*** Begin section ***
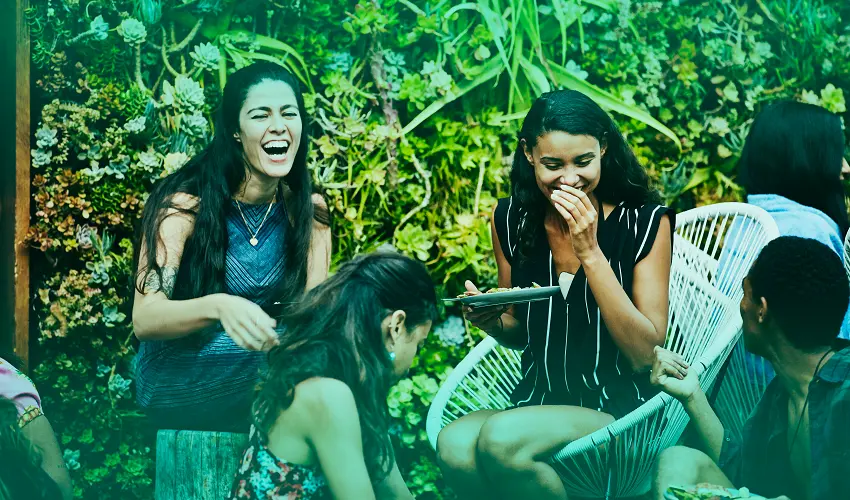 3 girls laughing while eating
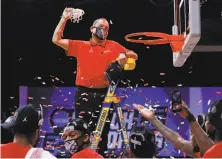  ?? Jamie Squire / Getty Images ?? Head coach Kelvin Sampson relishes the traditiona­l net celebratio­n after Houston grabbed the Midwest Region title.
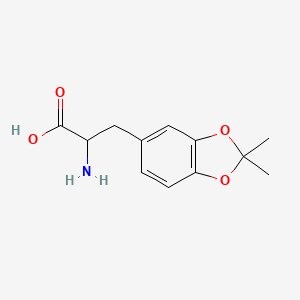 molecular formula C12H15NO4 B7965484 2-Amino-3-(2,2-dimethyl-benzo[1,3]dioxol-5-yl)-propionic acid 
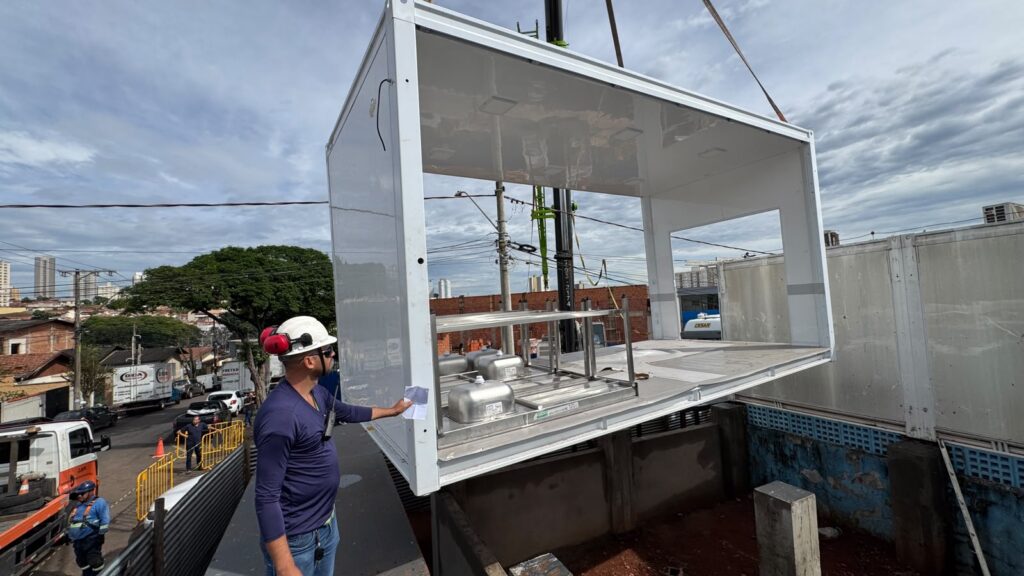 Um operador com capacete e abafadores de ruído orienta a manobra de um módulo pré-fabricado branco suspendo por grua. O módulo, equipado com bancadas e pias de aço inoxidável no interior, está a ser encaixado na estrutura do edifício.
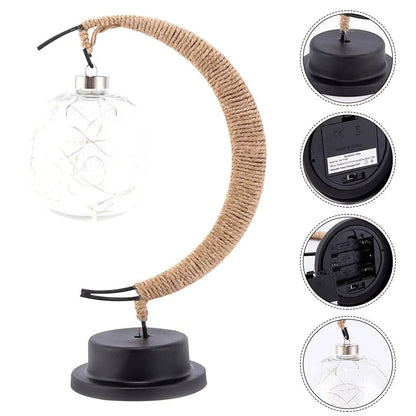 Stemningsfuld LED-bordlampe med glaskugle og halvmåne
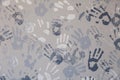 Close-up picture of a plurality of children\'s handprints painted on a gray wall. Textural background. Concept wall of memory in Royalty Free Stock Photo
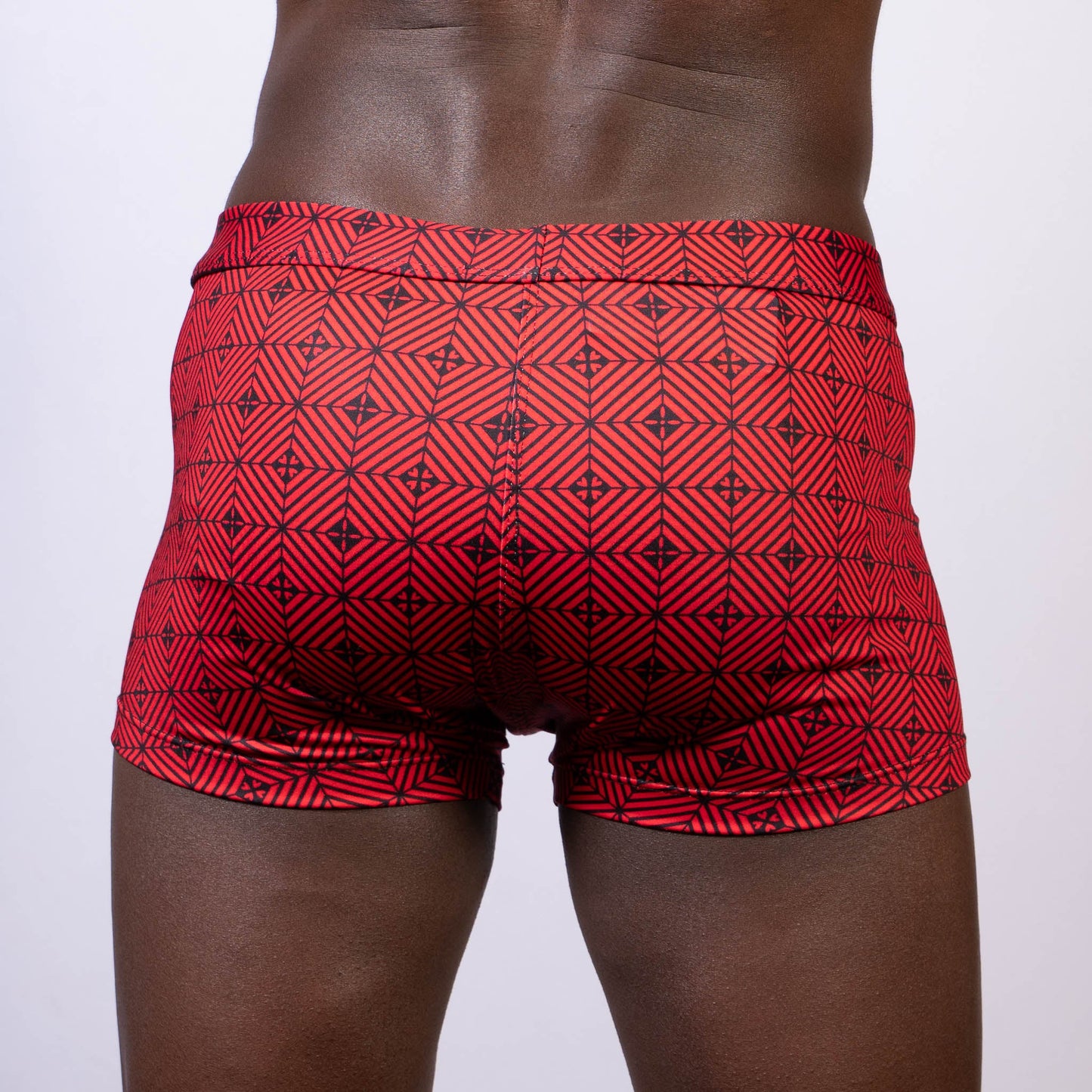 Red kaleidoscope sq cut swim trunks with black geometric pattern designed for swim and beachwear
*** End section ***
Task directions | An exact copy of the lines above from the one with "Midwest Region title." up to and including the one with "Close-up picture of" is required; reproduce only those lines, omitting all pictures.

Output for this exercise |
  ?? Jamie Squire / Getty Images ?? Head coach Kelvin Sampson relishes the traditiona­l net celebratio­n after Houston grabbed the Midwest Region title.
 molecular formula C12H15NO4 B7965484 2-Amino-3-(2,2-dimethyl-benzo[1,3]dioxol-5-yl)-propionic acid 
 Um operador com capacete e abafadores de ruído orienta a manobra de um módulo pré-fabricado branco suspendo por grua. O módulo, equipado com bancadas e pias de aço inoxidável no interior, está a ser encaixado na estrutura do edifício.
 Stemningsfuld LED-bordlampe med glaskugle og halvmåne
 Close-up picture of a plurality of children\'s handprints painted on a gray wall. Textural background. Concept wall of memory in Royalty Free Stock Photo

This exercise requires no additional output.